The following code, runs a two sample t-test and a wilcoxon rank sum test to compare male to female tippers, both with and without the two tippers with unusually high tip percentages.

library(reshape2)
library(coin) # you might need to install this one if you haven't already
tips$percent <- with(tips, tip/total_bill * 100)

t.test(percent ~ sex, data = tips, var.equal = TRUE) # with outliers
t.test(percent ~ sex, data = subset(tips, percent < 40), var.equal = TRUE) # without outliers
wilcox_test(percent ~ sex, data = tips, conf.int = TRUE)  # with outliers
wilcox_test(percent ~ sex, data = subset(tips, percent < 40), conf.int = TRUE) # without outliers

For each test, compare the p-values and confidence intervals based on the data with and without the outlier. Based on your comparisons, does the Wilcoxon Rank Sum appear more resistent to outliers than the two sample t-test? Justify your answer.

2

The PlantGrowth dataset contains the dried weight of plants in a randomized experiment comparing two treatment conditions to a control.

head(PlantGrowth)
##   weight group
## 1   4.17  ctrl
## 2   5.58  ctrl
## 3   5.18  ctrl
## 4   6.11  ctrl
## 5   4.50  ctrl
## 6   4.61  ctrl
  1. Produce a plot of the data to compare the plant weights for the three conditions (control, treamtment 1 and treatment 2).

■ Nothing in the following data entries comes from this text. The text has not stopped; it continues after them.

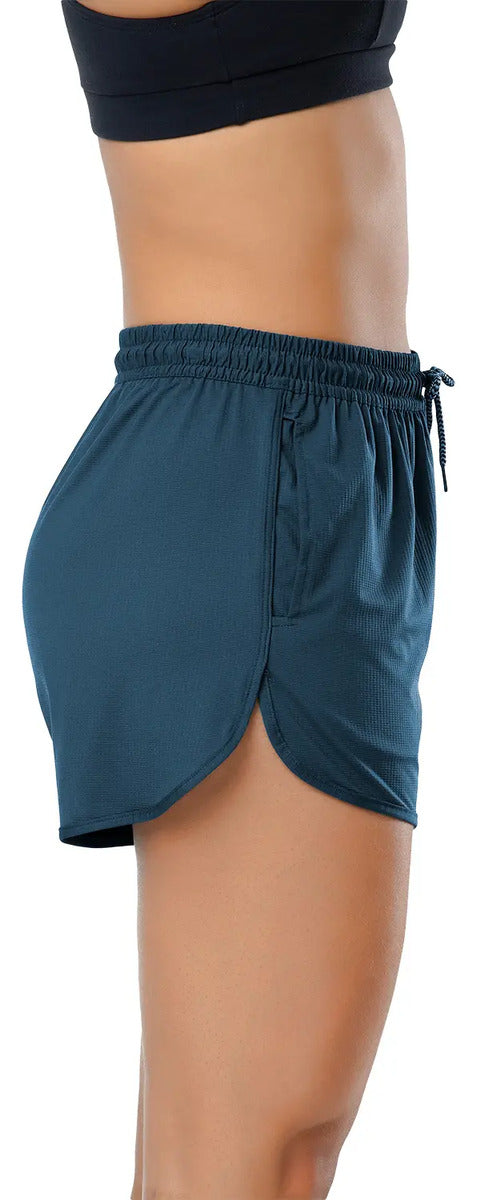 Short De Dama Fitness Running Y Entrenamiento Elite Azul Petróleo L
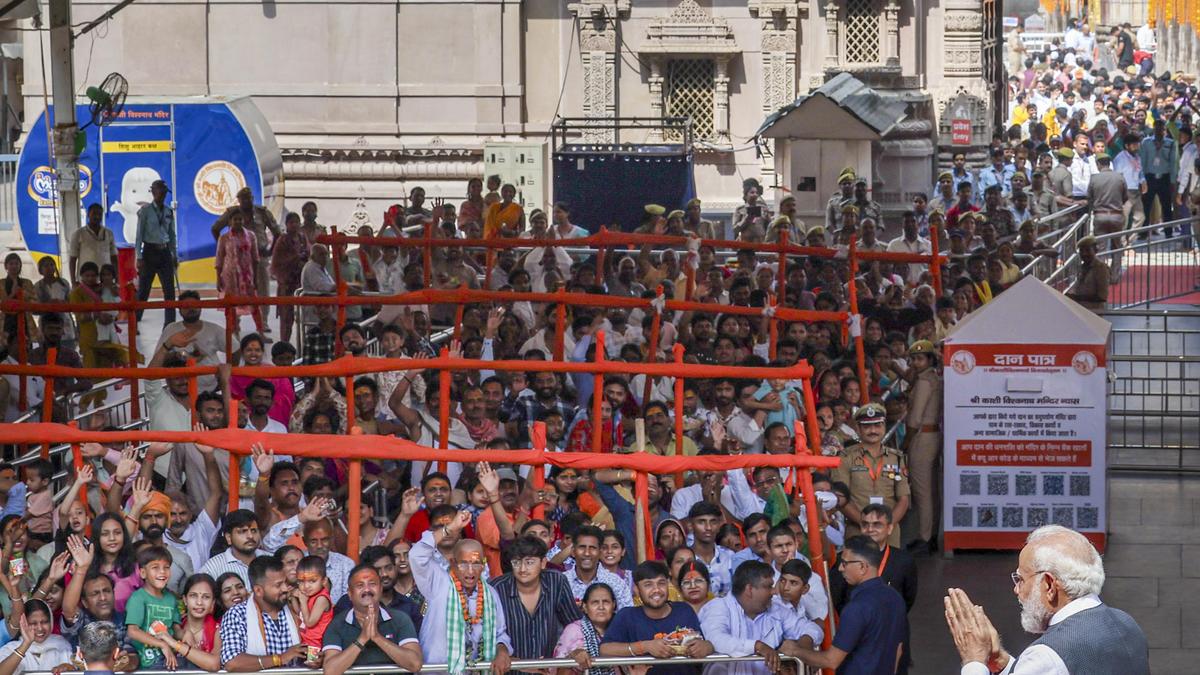 PM Modi holds 14-km roadshow in Varanasi, offers prayers at Kashi Vishwanath temple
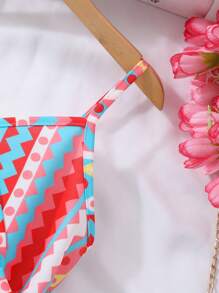 青少年女孩度假风格彩虹几何条纹全印花连体裤（配腰带）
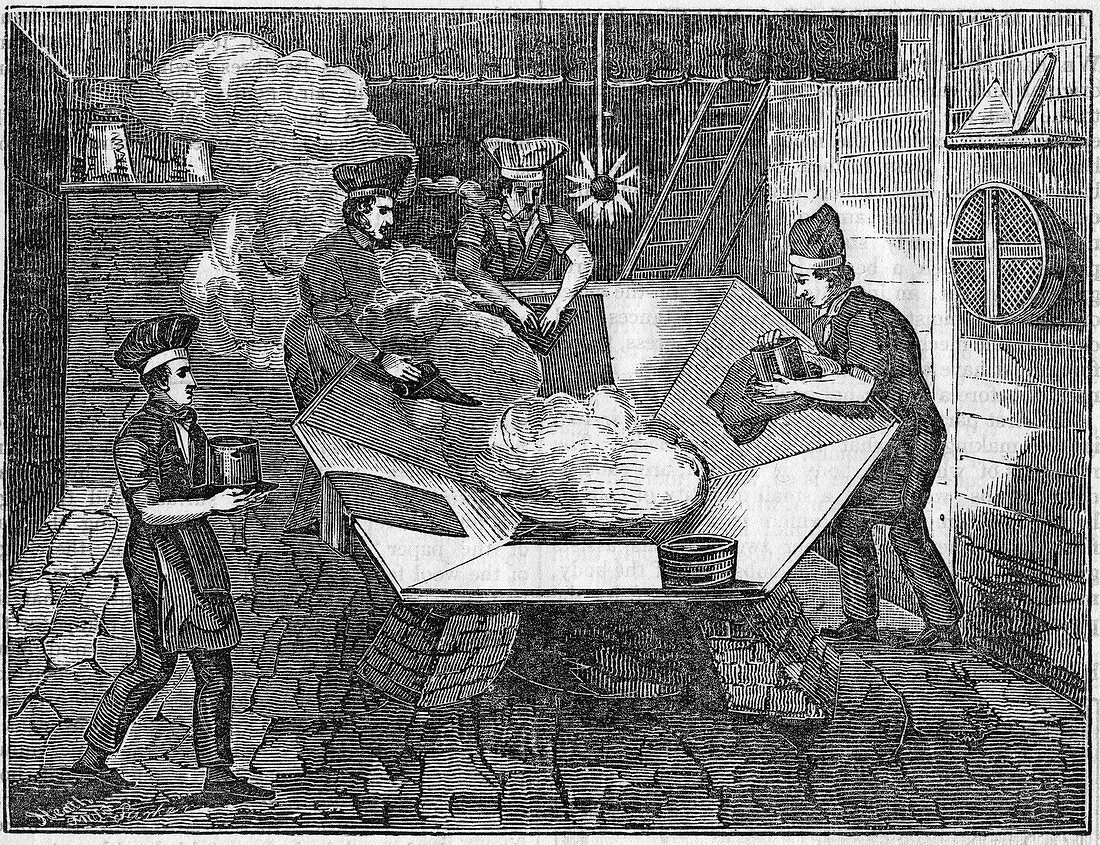 Making beaver hats, 1835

  2. Produce summary statistics of the weights (average, sd, and sample size) for the three conditions.

  3. Find the pooled standard deviation of weight and it’s degrees of freedom.

  4. Find the residual sum of squares for the full model (a different mean weight for each condition) and the reduced model (a single mean weight for each condition). Hint: see the code posted for the Nov 4 lecture.

  5. (a) Verify that the residual sum of squares for the full model is the pooled standard deviation squared, multiplied by it’s degrees of freedom.

    (b) Verify that the residual sum of squares for the reduced model is the squared standard deviation of all the weights (treated as being in one group, i.e. sd(PlantGrowth$weight)^2) multiplied by n-1.

  6. The sums of squares from part 4, are items 1 and 2 in Display 5.10 (in Sleuth and the lecture slides). Using Display 5.10 as a guide, fill in the rest of the ANOVA table by hand. (You can use R: 1 - pf(f.stat, df1, df2) to get the p-value). You can copy, paste and edit this table template to include your result in your R file:

    #' 
    #' 
    #'  Source of variation  |   Sum Sq    |  Df  |  Mean Sq  |  F statistic  |  p-value 
    #' --------------------- | ----------- | ---- | --------- | ------------- | ----------
    #'  **Between groups**   |   1927.08   |  6   |   321.2   |   6.718       | 6.096e-05 
    #'  **Within groups**    |   1864.45   |  39  |   47.81   |               |           
    #'  **Total**            |   3791.53   |  45  |           |               |           
    #'
    #'  Table: Analysis of Variance Table
    #'
    
  7. Summarise the results of the F-test in a statistical summary (one sentence).

  8. Find a 95% confidence interval for the treament effect of treatment 1 compared to the control, and report the result in a sentence.